I'm only addressing "virtual socialization" here, if we want to call it that -- the idea that cyber-interaction is the same thing as reality interaction. The rest of your post seems to be about home schooling analyses, which is a separate issue.
Whether webcams are common is irrelevant; the point is their capabilities. An image on a screen, two-dimensional, cold and lifeless, is in no way in the world comparable to being in the same room with that person. That screen cannot express nuance, which is why television is such a failure as an information tool. It completely misses all context of the setting. It cannot adequately convey the small visual cues, body language, even smells that are part of human communication. It cannot in any way facilitate the shared experience that runs as a kind of rhythm track behind those experiences, and colors the entire process.
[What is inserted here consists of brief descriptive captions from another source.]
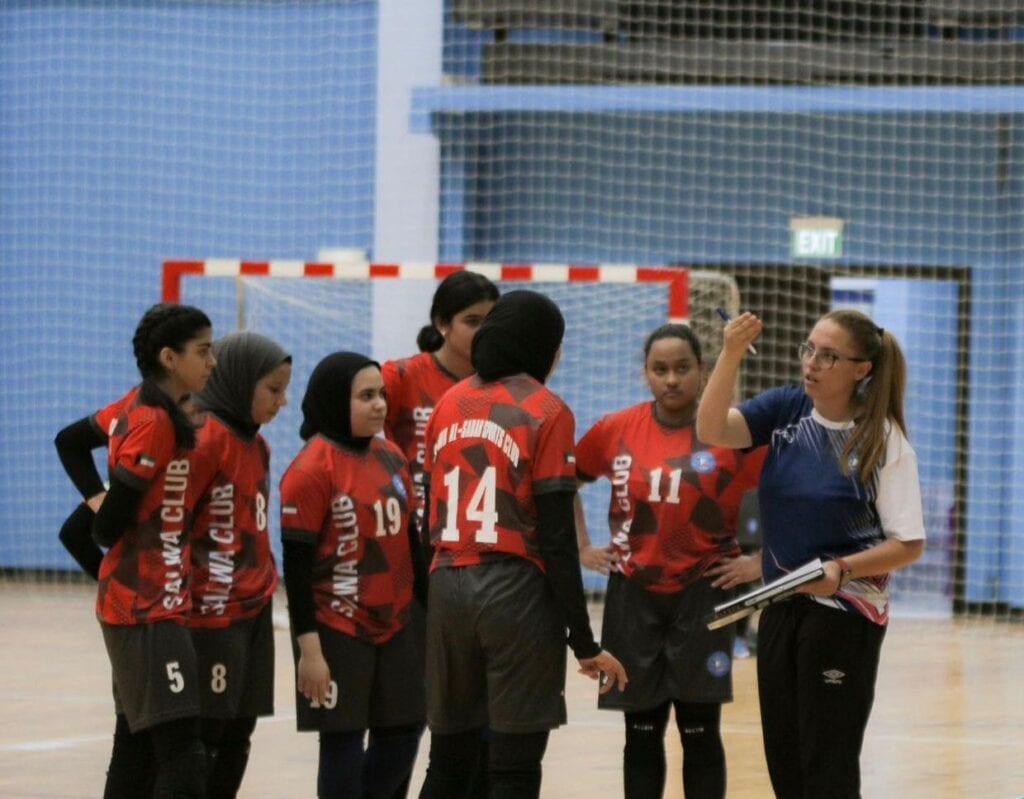 Samia Najjar : première championne tunisienne de volley-ball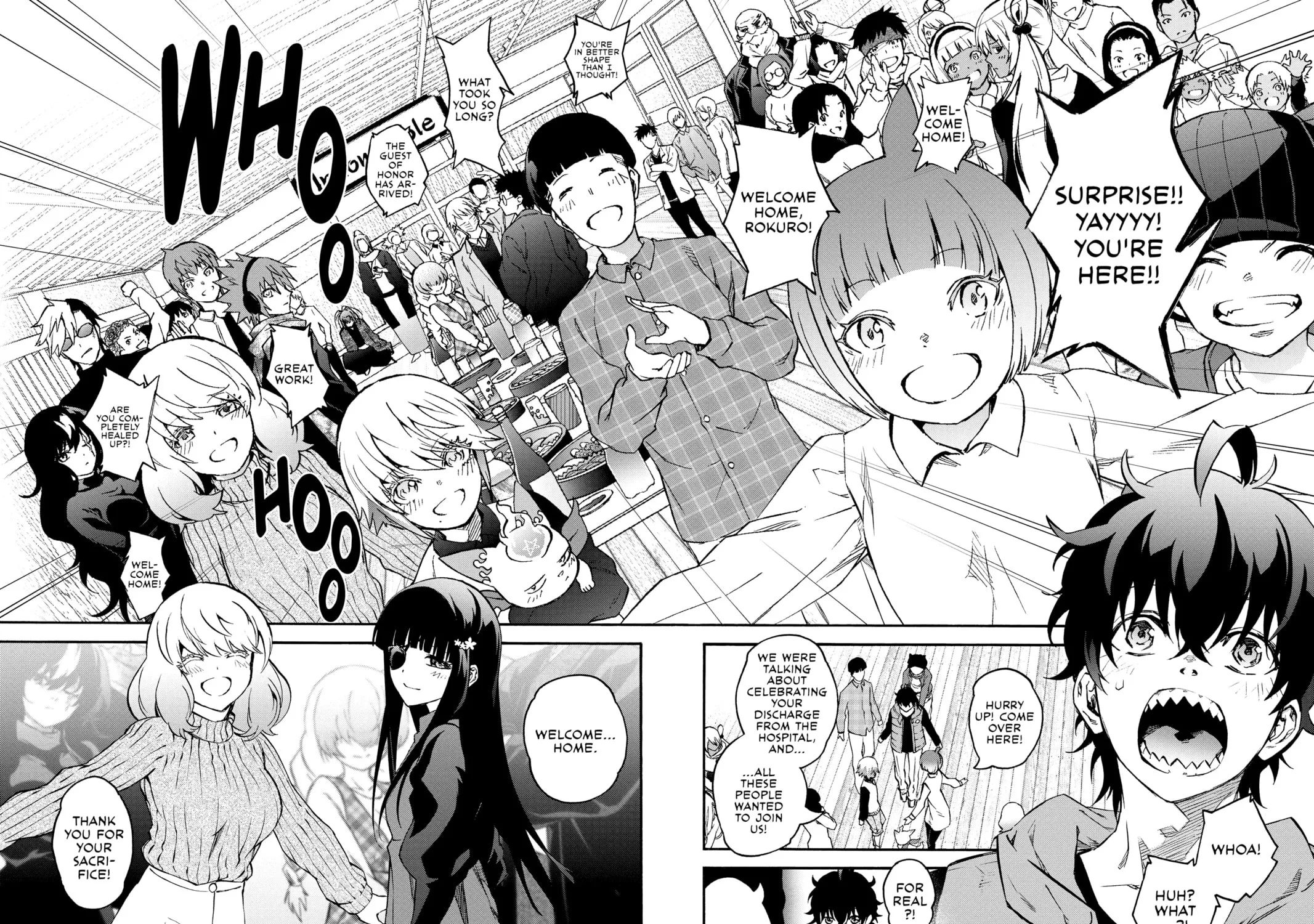 Read Twin Star Exorcists chapter 75 image 74 on Lezhin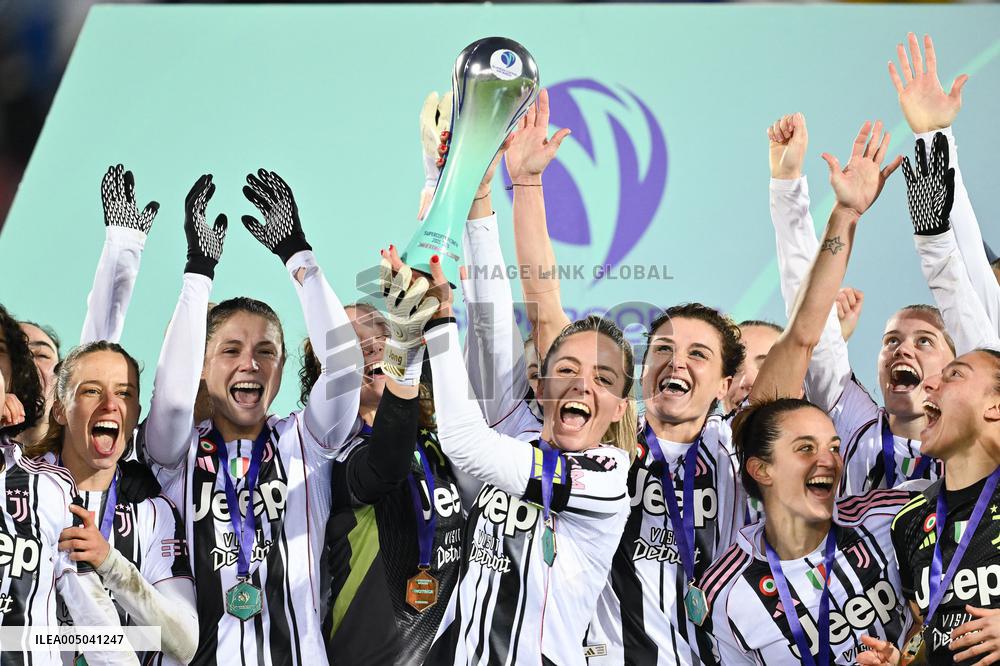 CALCIO - Supercoppa Femminile - Juventus FC vs AS Roma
It's completely artificial, makes no pretense of being anything other than artificial, and strips out every ingredient that tells us we're in a room conversing with this person. It's a fake experience, and as such is ingested as a fake experience. The dry facts and figures may be there but the emotional rhythm track, a psychic glue serving to hold it all together and give the experience form -- isn't.
Go to a baseball game some time, and then watch a game on TV -- and try to tell me the two experiences were the same thing. I dare you.
Up to now (AFAIK) we hadn't been discussing the idea of cyber-instruction. I believe the assumption was that social interaction both within and without the education aspect of the home schooled, was still human -- the parent(s) or tutor doing the instruction, the peers (other kids) interacting personally after those lessons. But this is a whole 'nother smoke. I don't think cyber-interaction is particularly healthy. Not that it's UNhealthy (it can be) but it provides no more nutrition to the soul than Wonder bread provides to the body. It's a pale echo of the original and can never be more than that. The day we accept the belief that it's the same thing is the day we surrender our souls and become full-fledged robots.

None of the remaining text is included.